Provided records
○ ○ ○

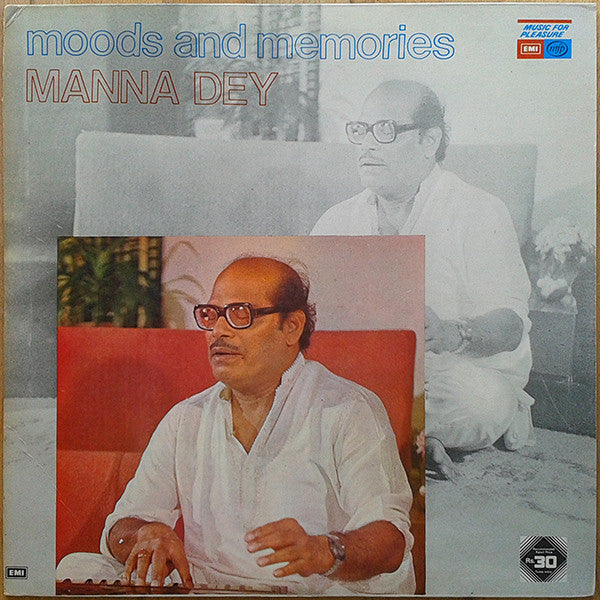 Manna Dey - Moods And Memories (Vinyl)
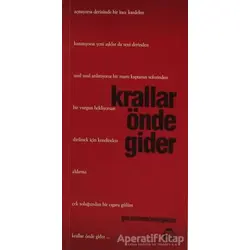 Krallar Önde Gider - Gecenin Melon Şapkası - Alan Yayıncılık
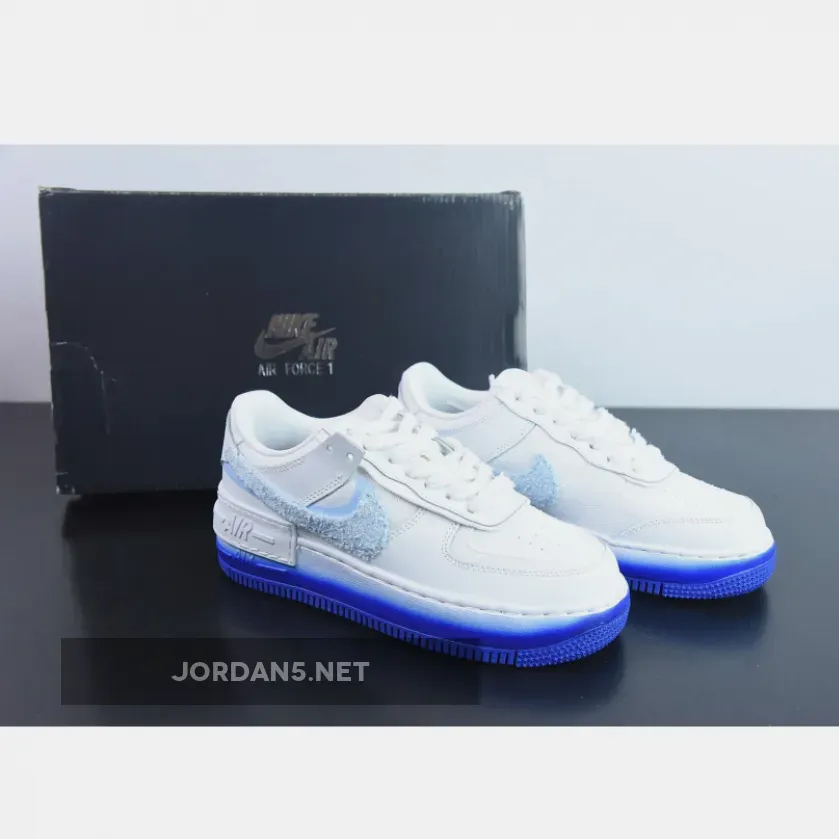 Nike Air Force 1 Shadow Chenille Swooshes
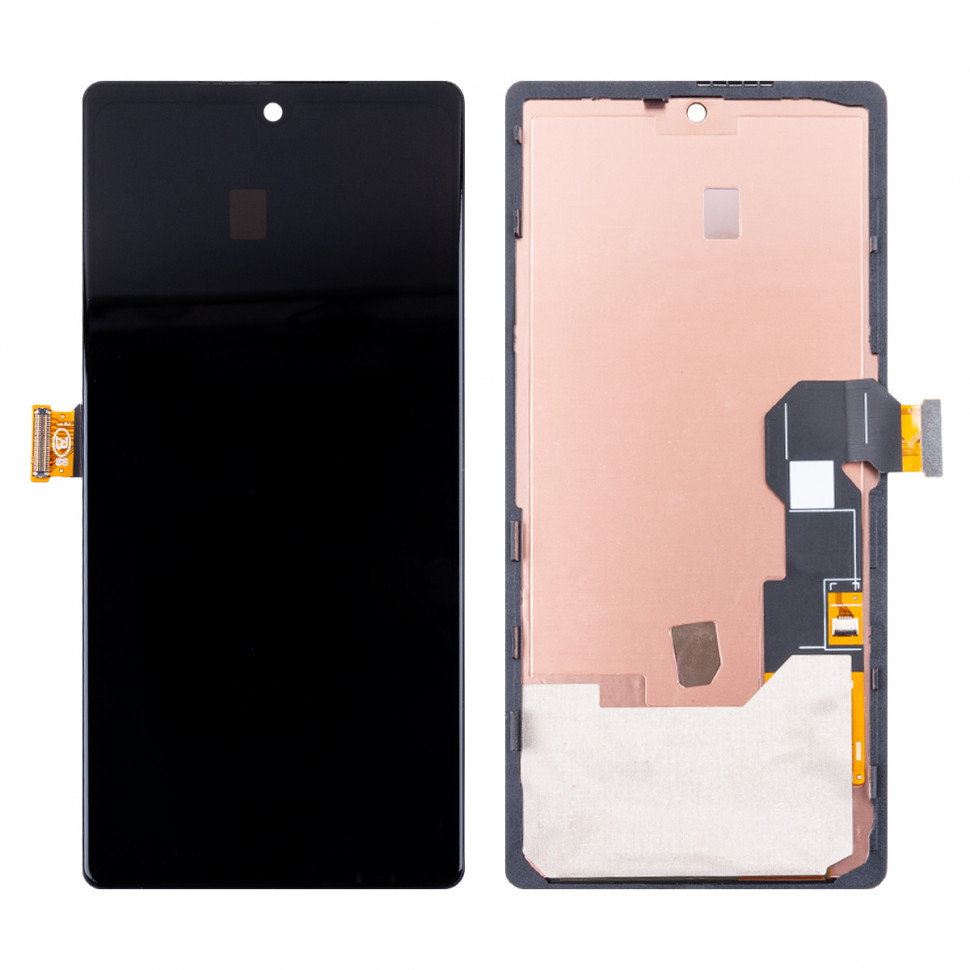 Дисплей для Google Pixel 6a с тачскрином Черный OLED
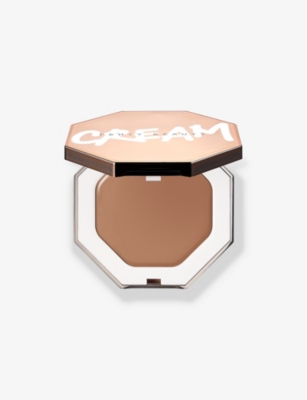 Fenty Beauty 02 Butta Biscuit Cheeks Out Freestyle Cream Bronzer 6.2g In White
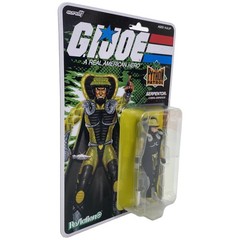 ReAction G.I. Joe Python Patrol Serpentor 3.75″ Action Figure Super7 Sealed New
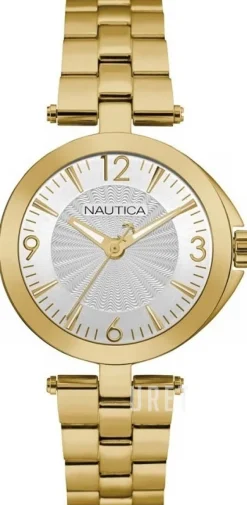 NLC Silverfärgad/Gulguldtonat stål Ø37 mm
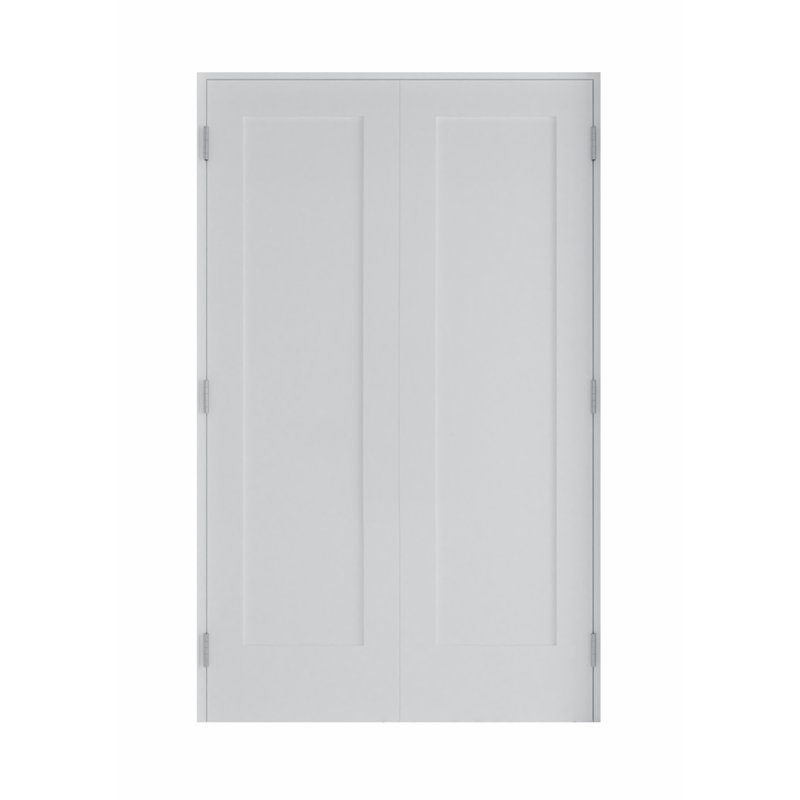 Porte française Newton, 48 po x 80 po
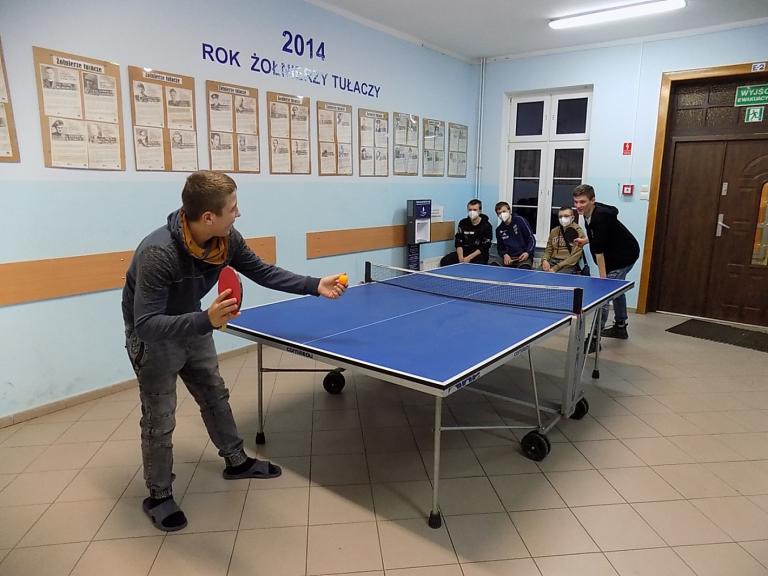 Turniej Tenisa Stołowego w OSiW w Próchnowie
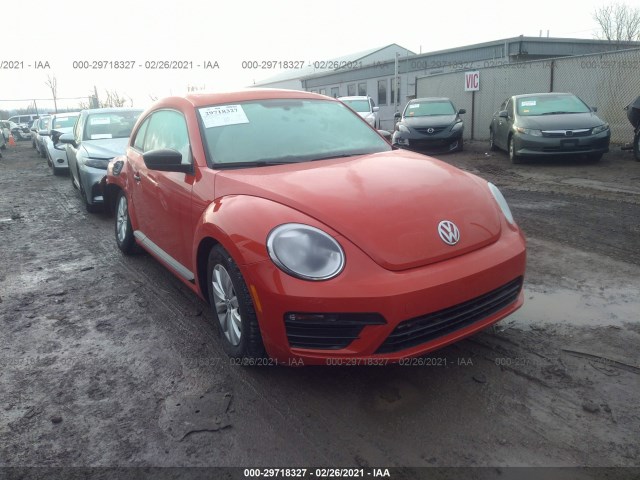 VOLKSWAGEN BEETLE 2018 3vwfd7at1jm714859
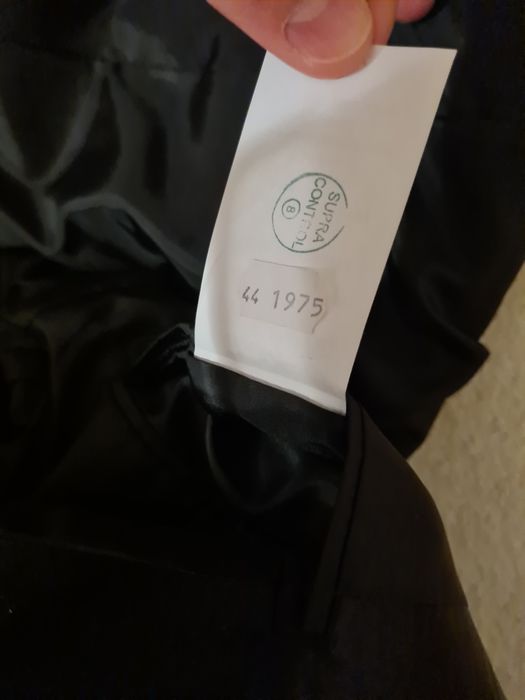 Costum elegant barbati Tuxedo MAXXIMUS negru sacou cu pantaloni Timis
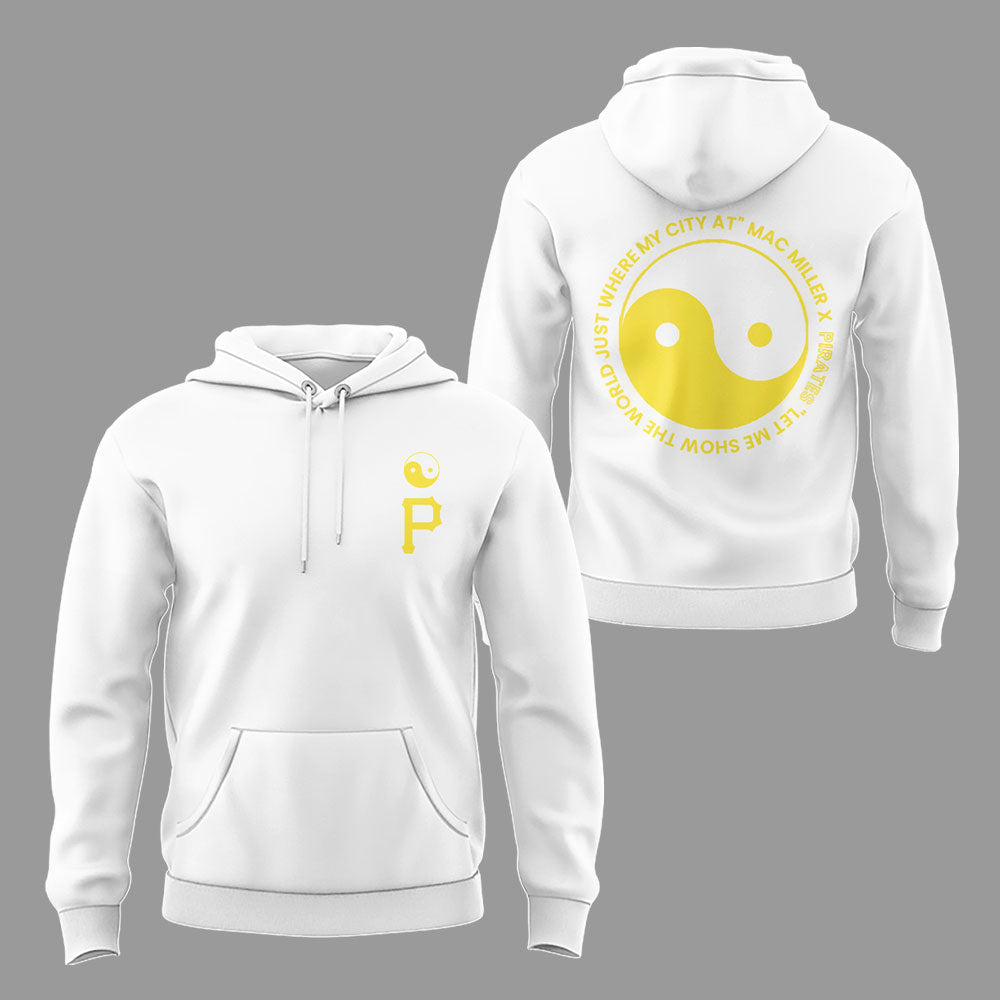 Limited Edition Mac Miller x Pirates Hoodie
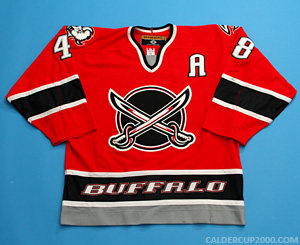 Mailday - Danny Briere Buffalo Butterknives (Sabres) : r/hockeyjerseys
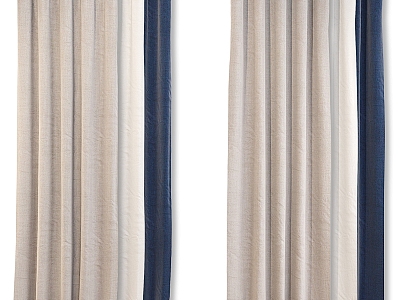 Curtain draw model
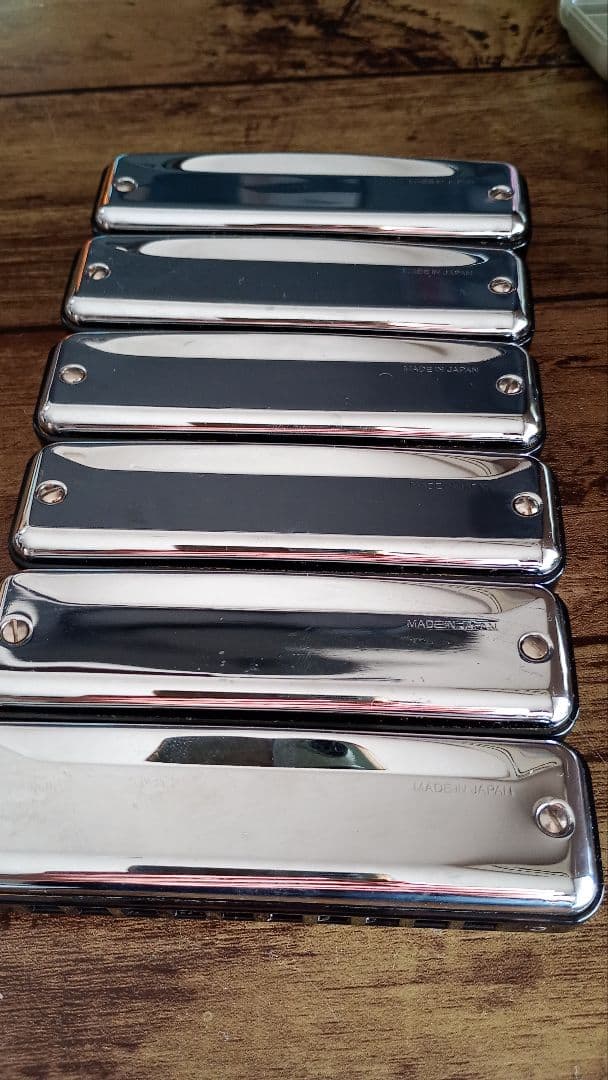 トンボ　ハーモニカ【ultimo】ウルティモ　６個セット　単音10穴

○ ○ ○

What is expected
Your answer must be an exact copy of every entry, with the pictures left out.

Expected answer
 Manna Dey - Moods And Memories (Vinyl)
 Krallar Önde Gider - Gecenin Melon Şapkası - Alan Yayıncılık
 Nike Air Force 1 Shadow Chenille Swooshes
 Дисплей для Google Pixel 6a с тачскрином Черный OLED
 Fenty Beauty 02 Butta Biscuit Cheeks Out Freestyle Cream Bronzer 6.2g In White
 ReAction G.I. Joe Python Patrol Serpentor 3.75″ Action Figure Super7 Sealed New
 NLC Silverfärgad/Gulguldtonat stål Ø37 mm
 Porte française Newton, 48 po x 80 po
 Turniej Tenisa Stołowego w OSiW w Próchnowie
 VOLKSWAGEN BEETLE 2018 3vwfd7at1jm714859
 Costum elegant barbati Tuxedo MAXXIMUS negru sacou cu pantaloni Timis
 Limited Edition Mac Miller x Pirates Hoodie
 Mailday - Danny Briere Buffalo Butterknives (Sabres) : r/hockeyjerseys
 Curtain draw model
 トンボ　ハーモニカ【ultimo】ウルティモ　６個セット　単音10穴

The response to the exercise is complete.